ひとりでするのを手伝ってね
~ ひとりでするのを手伝ってね~
ある日の夕方、カモミールでAちゃんが「落とす」お仕事をしていました。
小口の瓶にプラスチックの鎖を落とそうと何度も挑戦するのですが、鎖を持った手を
瓶の口にそのまま持っていくので入りません。
①そこで違う鎖を手に取り「見ていてね」と伝え、手で下げた鎖の先をゆっくりと瓶の口に差し込む様をやり、②次に手を離すと鎖がするっと瓶に入る様子を見せました。
それを見たAちゃんはケラケラと声を上げて喜び、もう一度やってと鎖を渡してきたのです。同じことを何回か見た後に自分で挑戦を始めましたがなかなか鎖の先が瓶に入りません。やり方は分かったのですが自分の意志に反して手が上手く動かないのです。そこで少しだけ手を添えてあげると今度はするっと鎖が入り、Aちゃんは満足そうな顔をしながら手を叩いて喜びました。繰り返して遊ぶうちに、今では難なく目指す瓶の口に鎖を上手に入れて落としています。
子どもは1歳を過ぎると「自分でやりたい」という気持ちが強くなります。一般的に「自立」というと思春期を迎えた中学生や経済的に一人立ち出来る成人の頃と言われていますがモンテッソーリ博士は『自立の原点は「自分で」やりたくなった1歳児の頃にある』と言っています。自立の第一歩は「自分で自分のことを自分の意志でしようとすること」なのですね。そして五感と手をはじめとした運動器官を使ってさまざまなことを自分のものにしていこうとします。

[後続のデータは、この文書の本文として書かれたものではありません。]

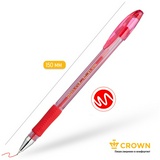 Ручка гелевая Crown &quot;Hi-Jell Needle Grip&quot; красная, 0,7мм, грип, игольчатый стержень, штрих-код
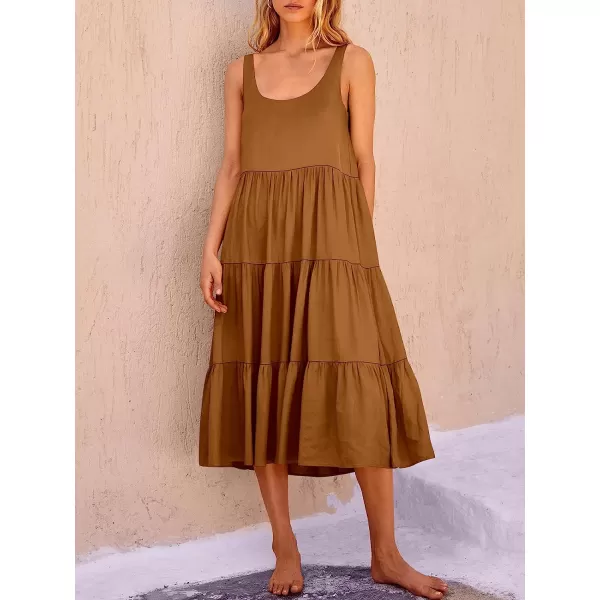 imageANRABESS Womens Summer Sleevelesss Scoop Neck Sundress Loose Casual Pleated Swing Flowy Beach Tank Midi Dress with PocketsBrown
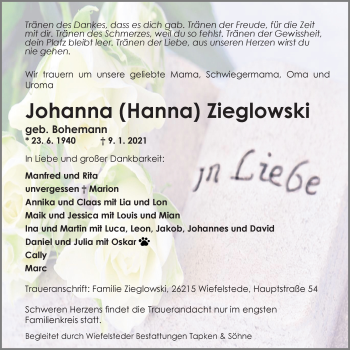 Traueranzeige von Johanna (Hanna) Zieglowski von Nordwest-Zeitung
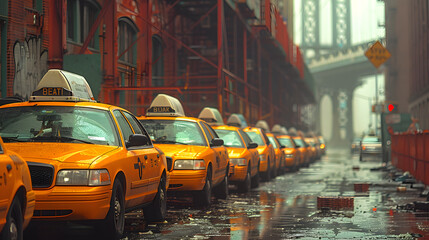 Taxies in a row, new york city
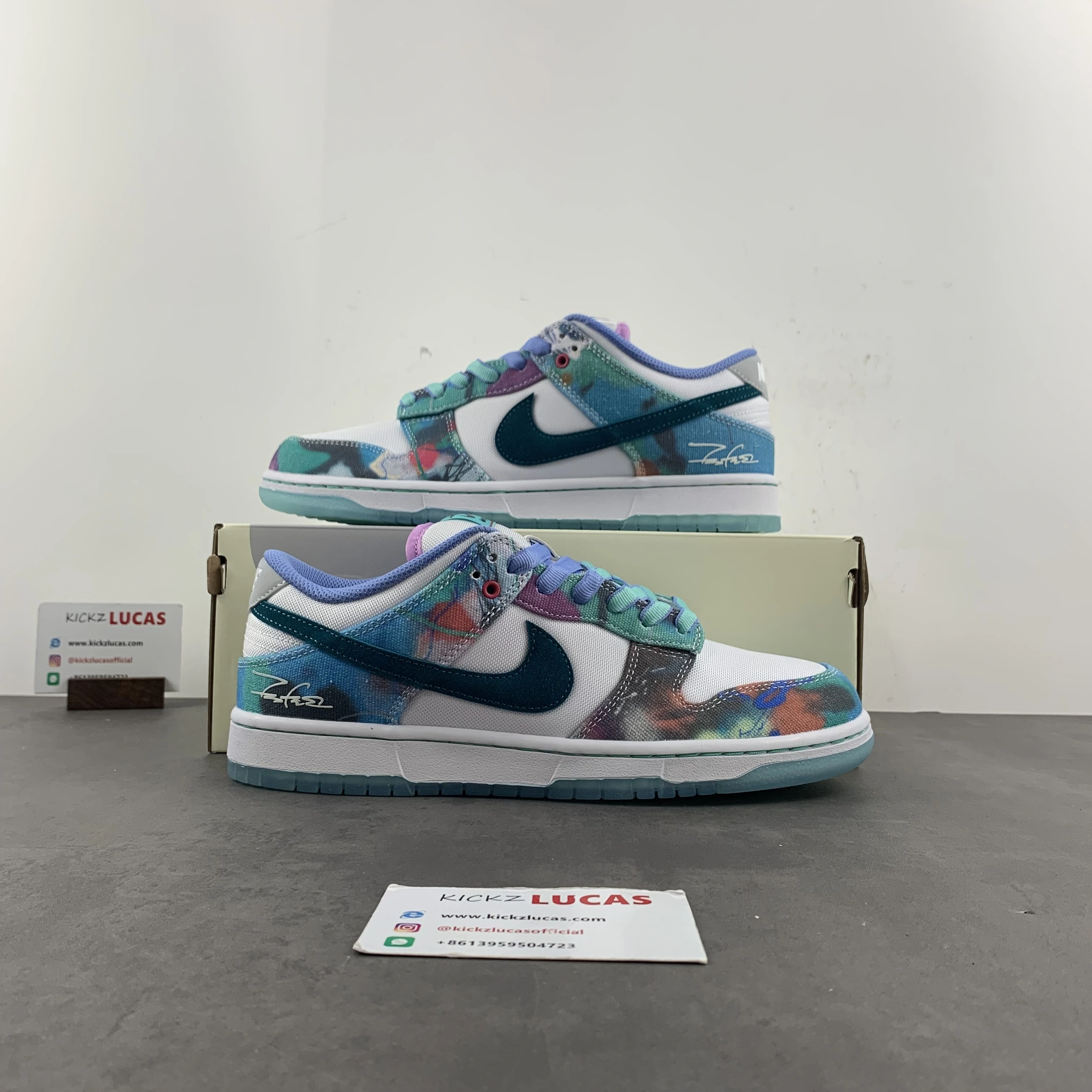 SB Dunk Low Futura Laboratories Bleached Aqua HF6061- Minimalist 30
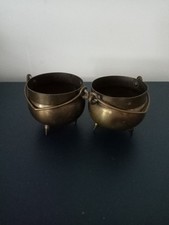 Vintage pair Mini Witches Cauldron Halloween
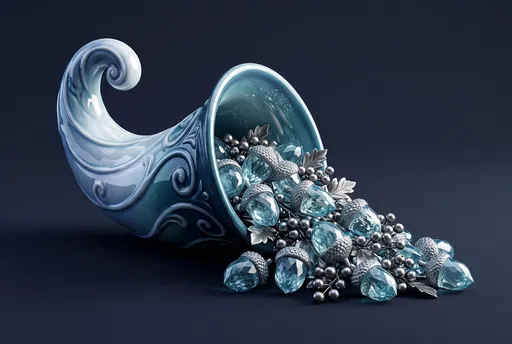 Porcelain Cornucopia Spilling Crystal Acorns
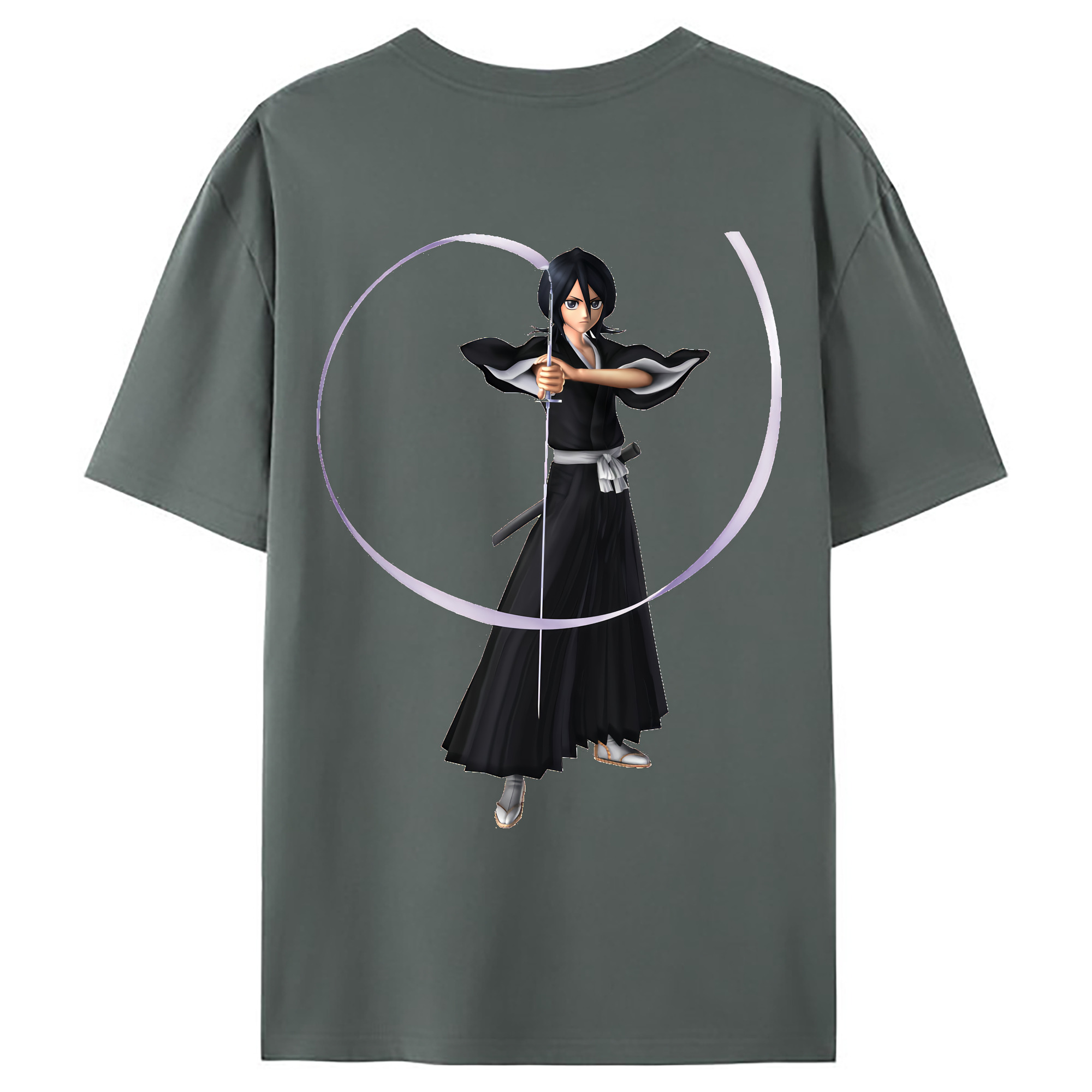 （画像用） ブリーチ 朽木ルキア BLEACH Kuchiki Rukia 綿100％ メンズ半袖Tシャツ（バックプリント） 通気性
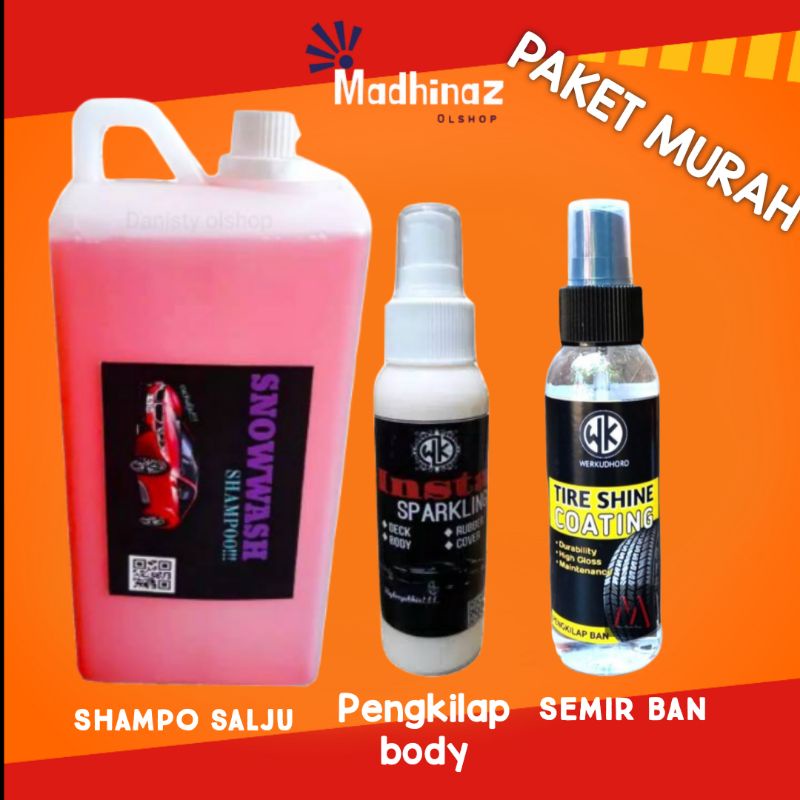 ANYAR Paket hemat Insta Sparkling/Shampo Mobil/Semir Ban/Pengkilap Mobil/Pengkilap Motor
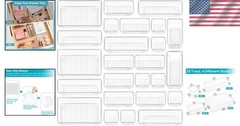 Clear Plastic Organizer Trays – 25-Piece Set in Four Sizes for Easy Living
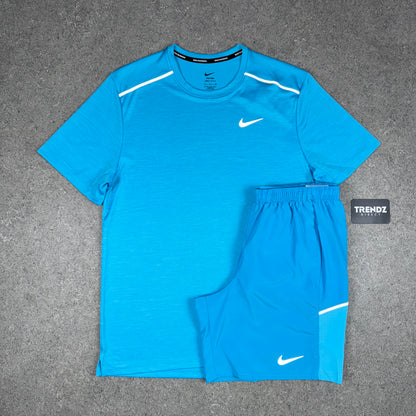 NIKE MILER T-SHIRT & MILER SHORTS SET - BALTIC BLUE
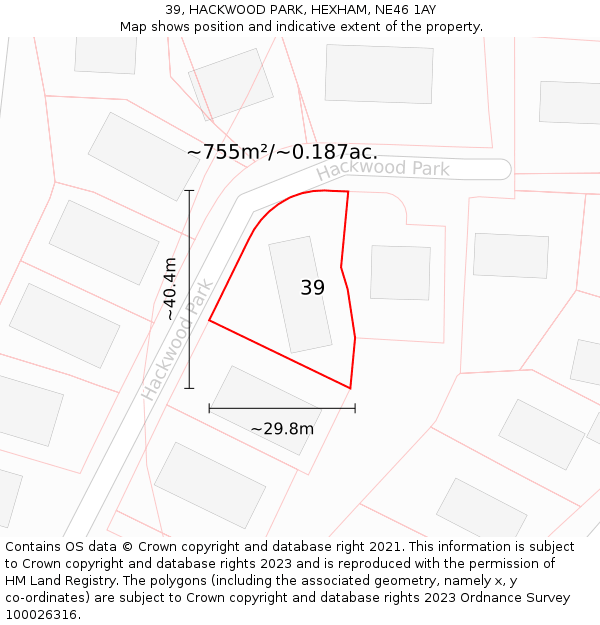 39, HACKWOOD PARK, HEXHAM, NE46 1AY: Plot and title map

ところで人間には随意筋と不随意筋の二種類の筋肉があり、随意筋は自分の意志によって動きます。しかしAちゃんのように「自分でやりたい」という気持ちがあっても未発達な随意筋と「○○したい」という意志の連動が上手くいかないのが幼い子どもの常です。そこで、できなかったり失敗してしまうことが多々あるのです。ひとつの筋肉運動が自分のものになるまでに実に2000回ものくり返しが必要だそうです
また子どもたちはいつも「できるための正しいやり方」を求めています。そのための
お手伝いの方法として「やり方を『ゆっくり』見せる」、「『繰り返して』行えるように『見守って』あげる」ことが鍵となります。
自立の第一歩となる「自分でやりたい」という子ども達の気持ちに寄り添って、私達大人がこれからもみんなでお手伝いしていけるといいなと願います。